## Information supplied:
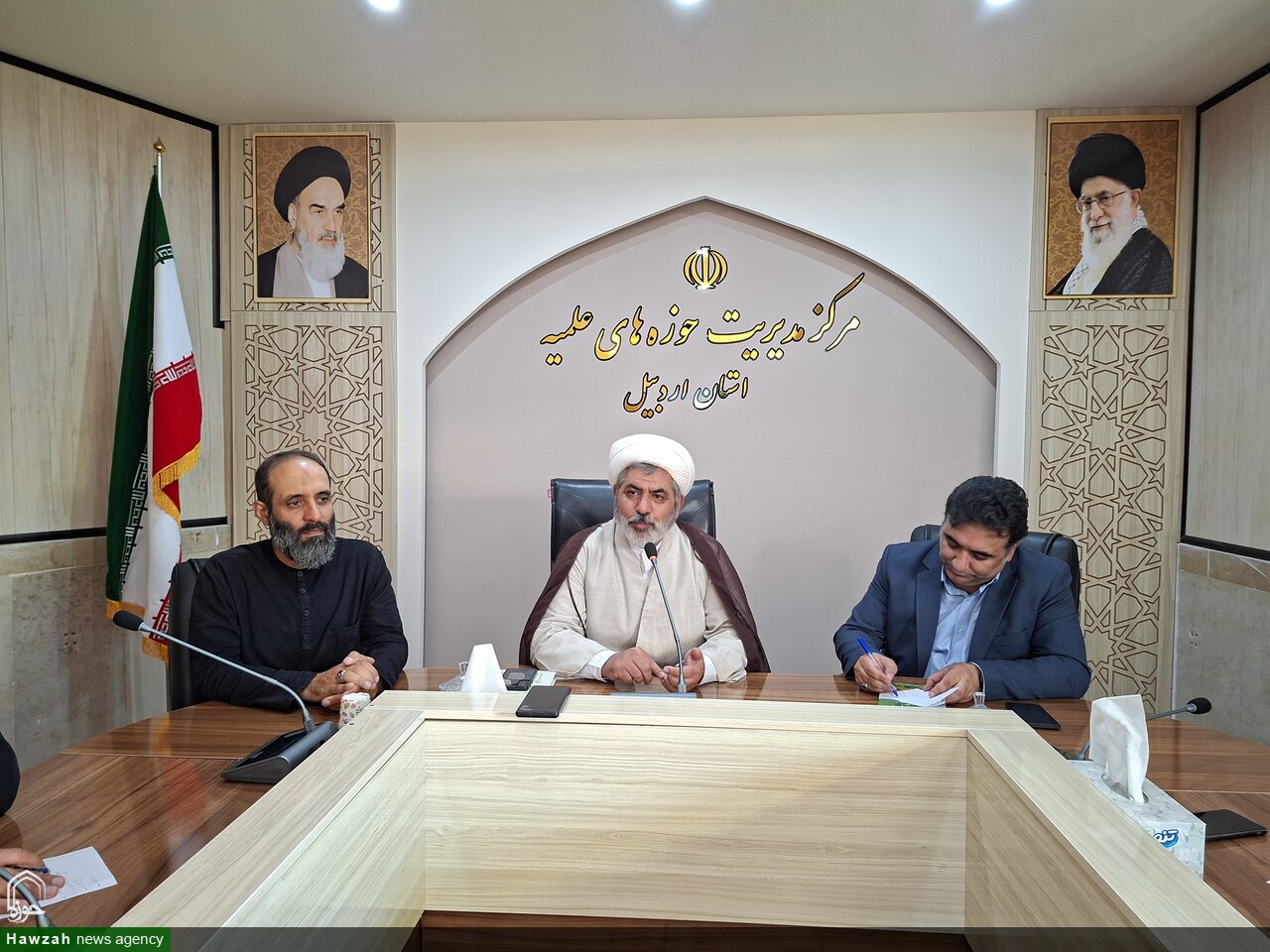 رونمایی کتاب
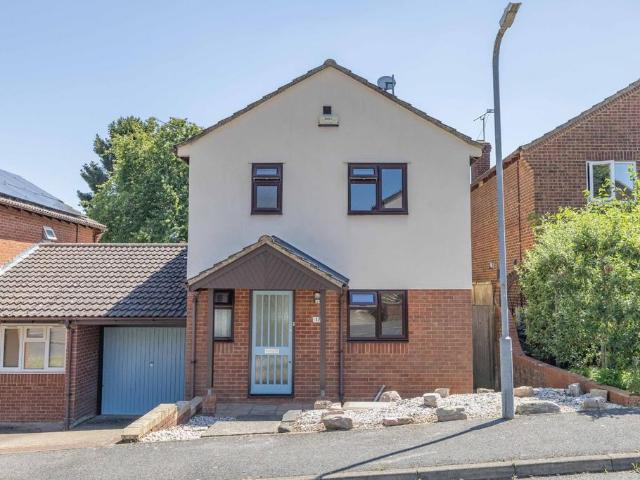 3 bedroom link detached house for sale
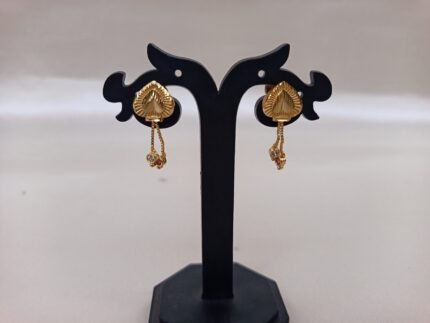 Gold plated stud earring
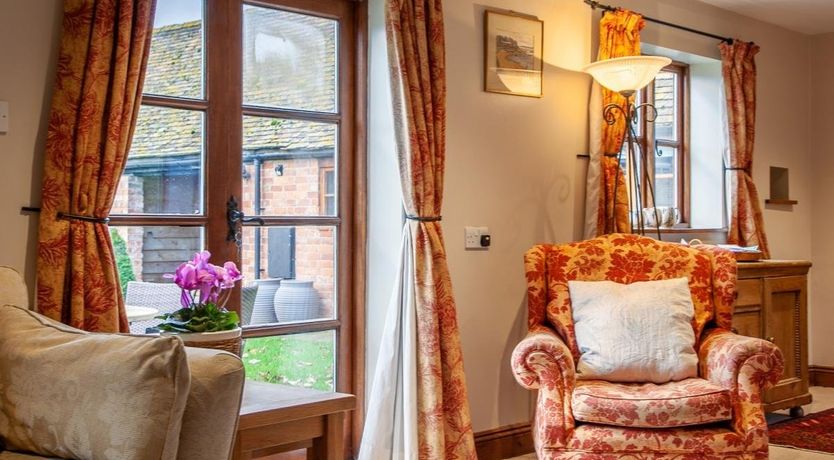 Photo of 4 Bed in Tirley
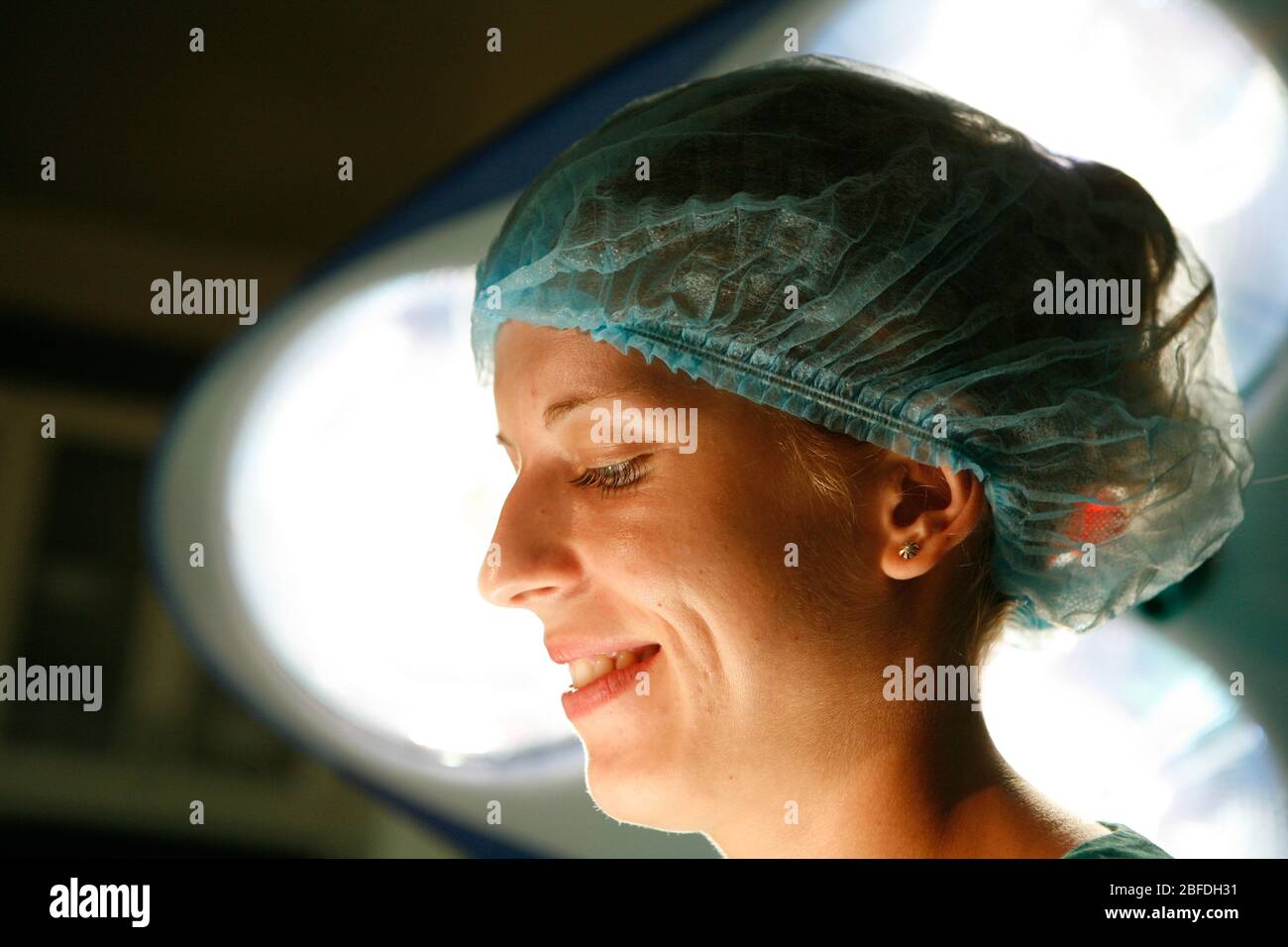 Chirurgien sous les lampes chirurgicales Banque D'Images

## Task prompt:
Please retype the lines from the one that contains "Photo of 4 Bed in Tirley" to the final line of the records, both included, exactly as written and without any pictures.

## Solution for this exercise:
 Photo of 4 Bed in Tirley
 Chirurgien sous les lampes chirurgicales Banque D'Images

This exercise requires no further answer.